History, University of Ottawa, Canada

Discipline
History
Country
Canada
Melchisedek CHETIMA
Période

Octobre 2018 à Juin 2019

Biography

Melchisedek Chetima holds a Gordon F. Henderson Post-Doctoral Fellowship at the University of Ottawa. His research focuses on the historical context of Boko Haram, including the parallels and differences between the slavery period when the Mandara Mountains of northern Cameroon were a target of Muslim slave raiders, and the current situation in which Boko Haram deploys its apparatus against the same region. Chetima Melchisedek is the author of several articles published, among others, in African Studies Review, Africa Spectrum, Historical Journal et Cambridge Archaeological Journal. He is currently organizing a special issue of the Canadian Journal of African Studies on Boko Haram.

Search project

Is History repeating itself? Boko Haram, slavery and Haman Yadji: dynamics, common features and the changing nature of violence in the border areas of the Mandara mountains

This project aims to analyse the emergence of Boko Haram in Nigeria and the factors which have facilitated its establishment in the Mandara mountains, a border zone between Cameroon and Nigeria.

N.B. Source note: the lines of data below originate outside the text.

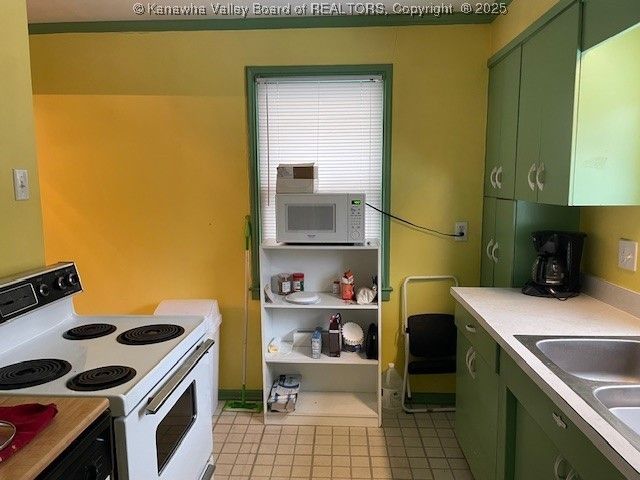 1107 Village Drive, South Charleston, WV 25309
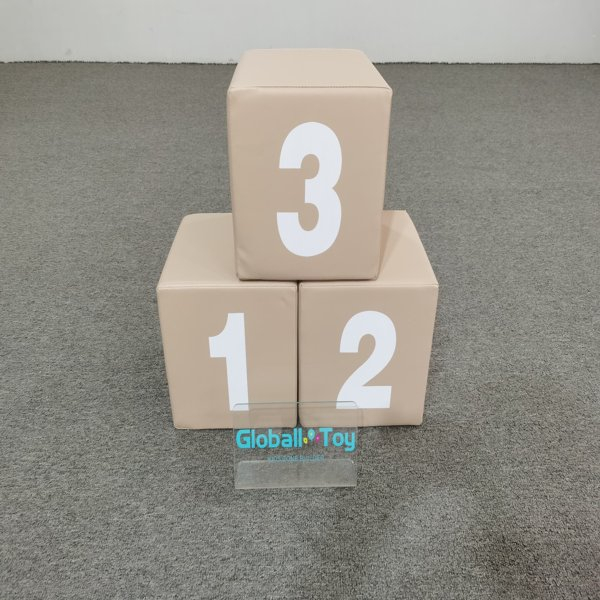 soft-play-cube-hijau-putih-susun-blok-komersial-peralatan-bermain-grosir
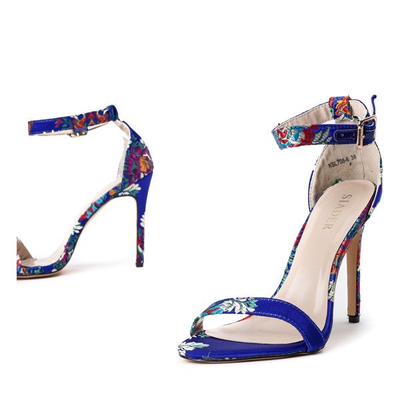 Niebieskie szpilki z motywem kwiatowym Gabriela - Obuwie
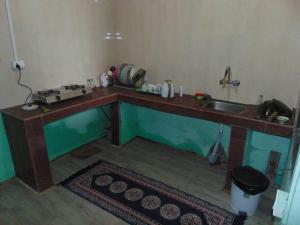 甘托克BOJO house的厨房配有带水槽的木台面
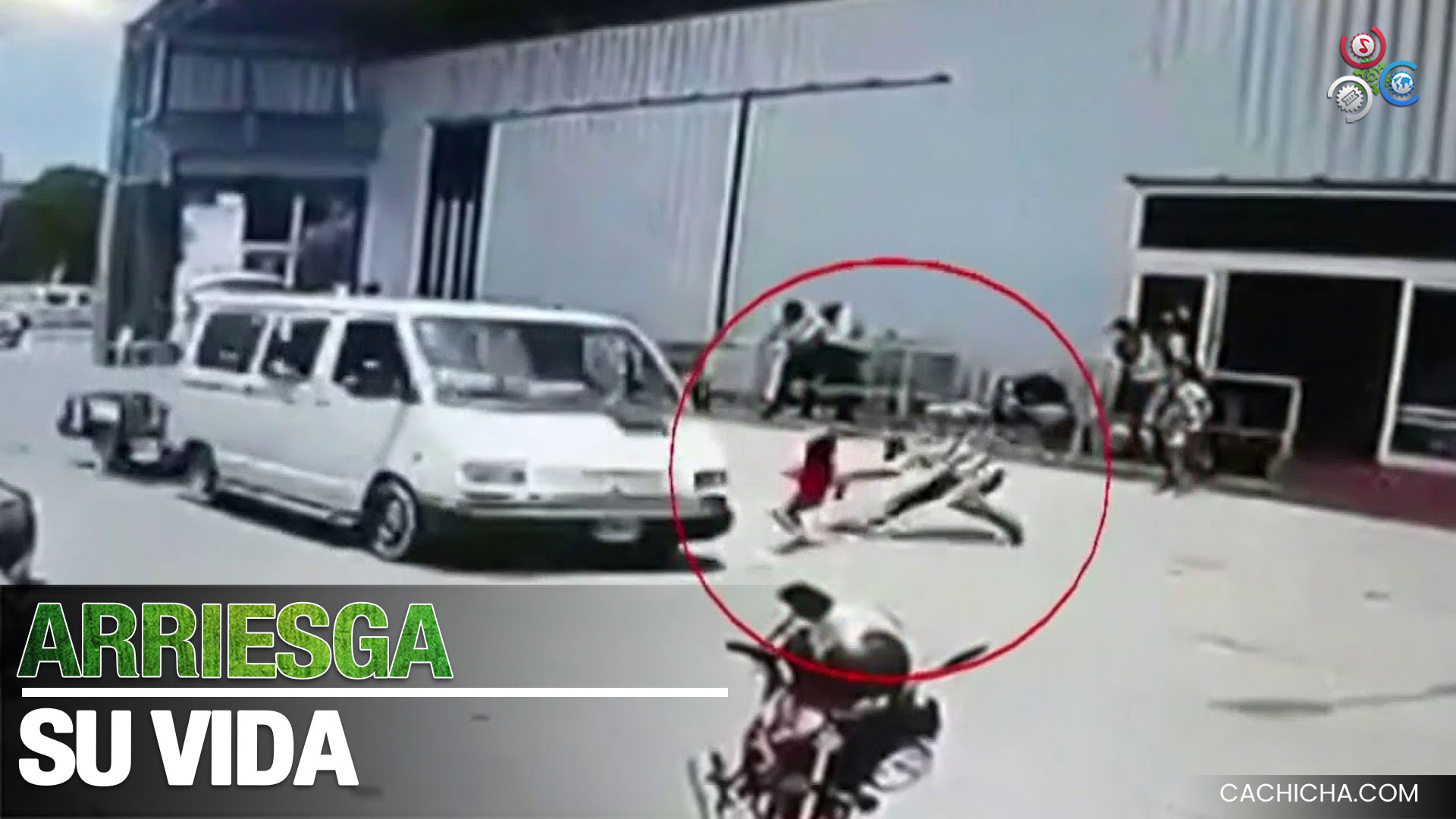 Héroe Arriesga Su Vida Para Salvar A Una Niña De Cuatro Años En Argentina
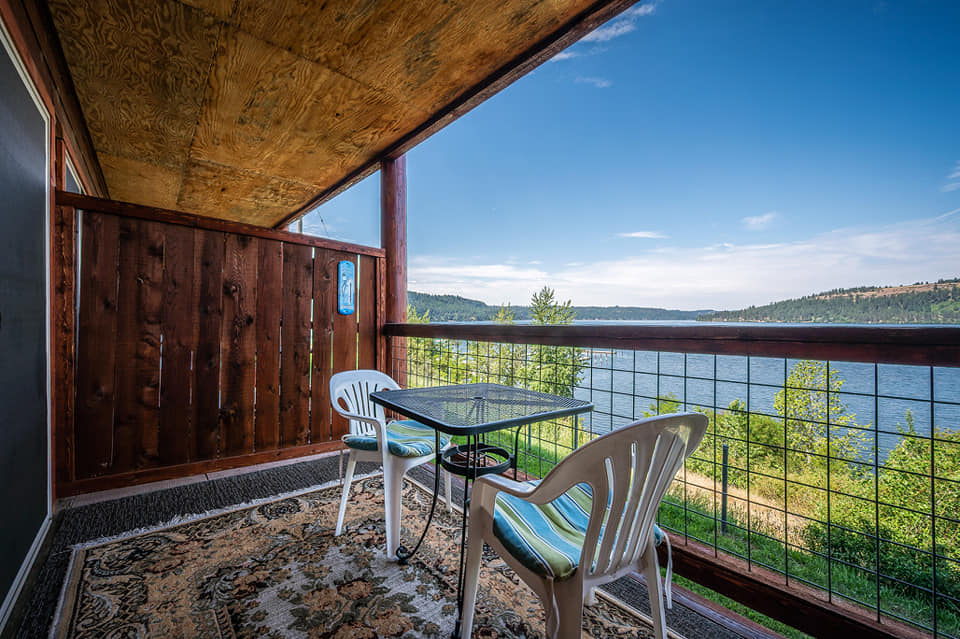 Lakeview Lodge Hotel 3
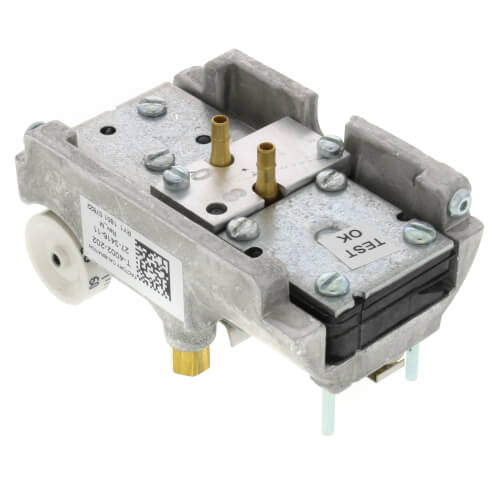 Main product image of Reverse Acting Pneumatic Horizontal Mount Thermostat (cover sold separately)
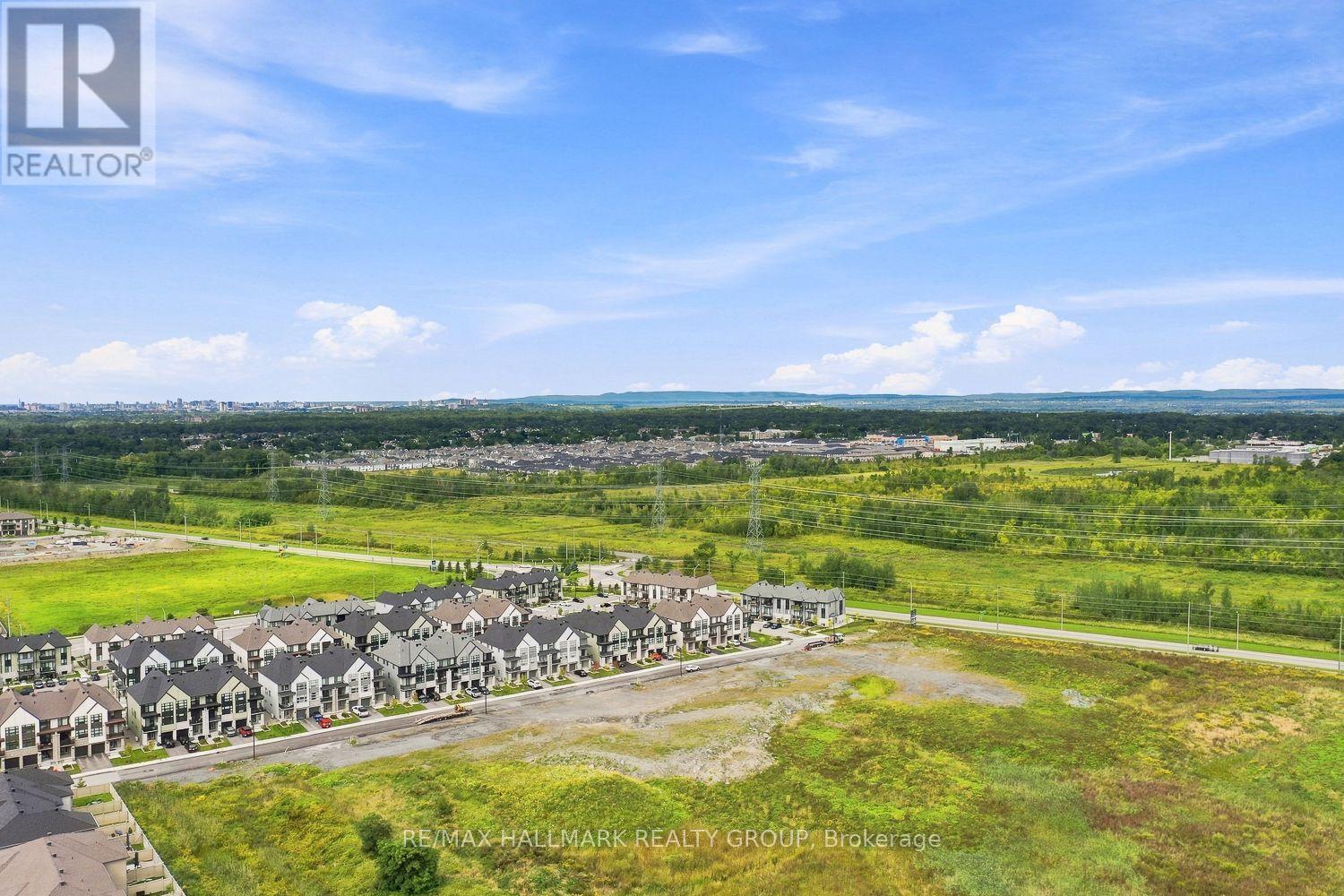881 COULOIR ROAD - 32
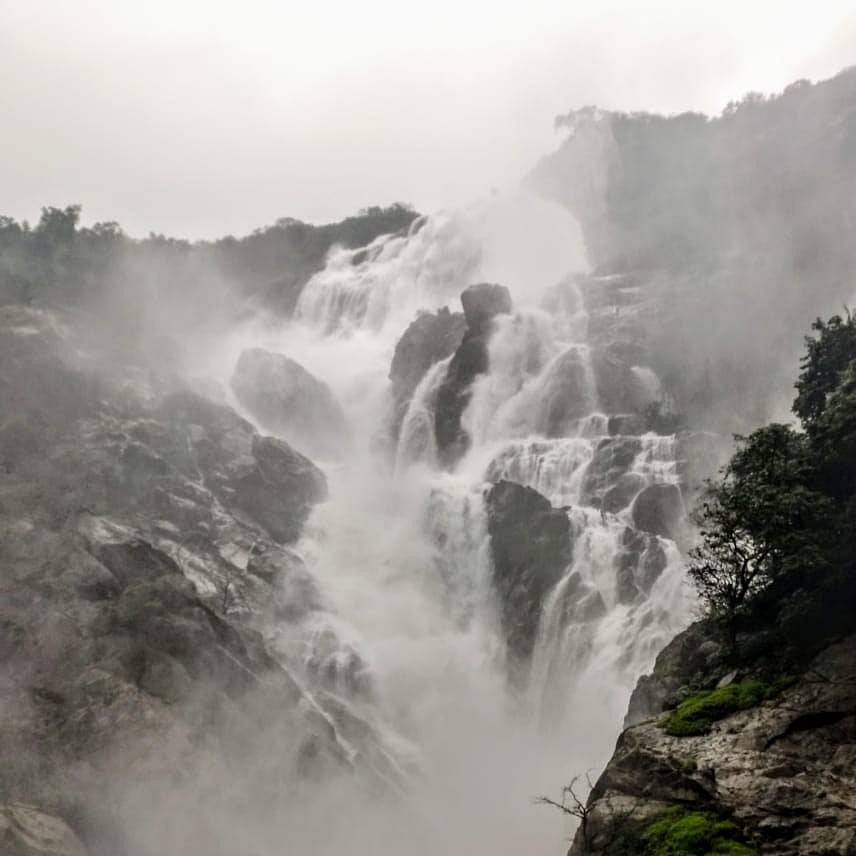 ದೂಧ್‌ಸಾಗರ ಪ್ರವಾಸಕ್ಕೆ ನಿರ್ಬಂಧ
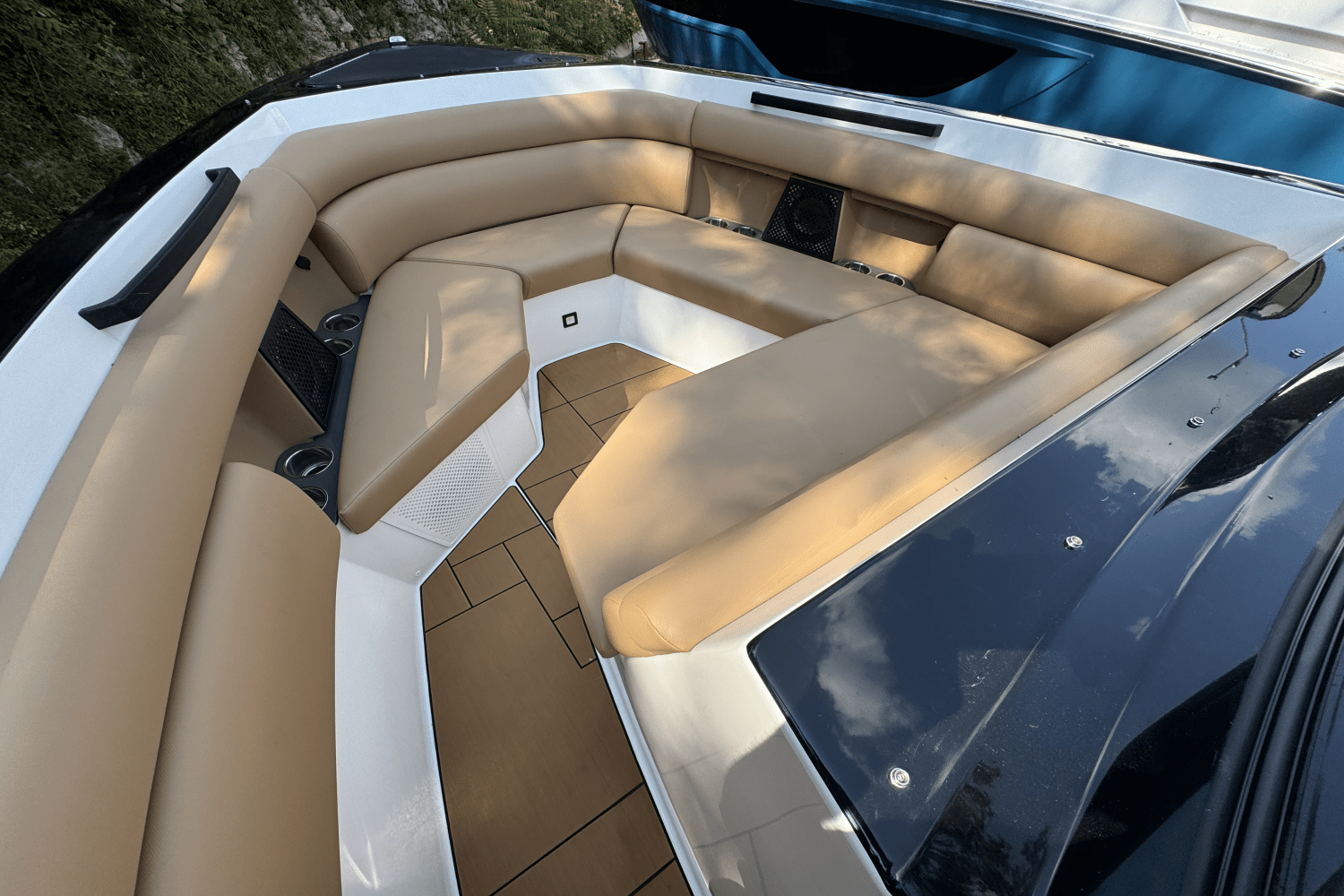 2024 Aviara AV36 Outboard Image Thumbnail #8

The argument put forward is that Boko Haram is not only a contemporary manifestation of terrorism, but that it relates to a historical model which can be traced back to at least the 15th century, namely in the slave-trading kingdoms of Kanem and Borno. We believe that it is essential to incorporate this historical dimension in order to understand the intentions of Boko Haram activists to reintroduce sharia law, for three main reasons: firstly, the historical context of the practice of slavery and jihad is relevant to Boko Haram which uses it as a doctrinal and discursive reference point for the recruitment of young mountain dwellers and/or for their massacre and abduction (Higazi, 2015); secondly, the historical empire of Kanem-Borno and the Sokoto Caliphate are seen by Boko Haram as the golden age of the jihadist movement (MacEachern, 2015); thirdly, the occupation of the Mandara mountains has rekindled ancient fractures from the precolonial servile past and the predator-prey relationships of yesterday, which it is essential to research and analyse (Seignobos, 2015). We shall seek to demonstrate that Boko Haram’s presence in the Mandara mountains has been grafted onto the ubiquitous realities of violence and the difficult socio-economic situation of mountain dwellers, particularly from the beginning of the 1960s, with the forced descent onto the plains organized by the two postcolonial States of Nigeria and Cameroon. It served to reactivate the negative vision of colonization and the postcolonial State to the extent that the colonial clichés projected onto mountain dwellers, and the determination of postcolonial governments to make them come down onto the plains, are today being used to justify the identification with Boko Haram’s anti-western and anti-state rhetoric.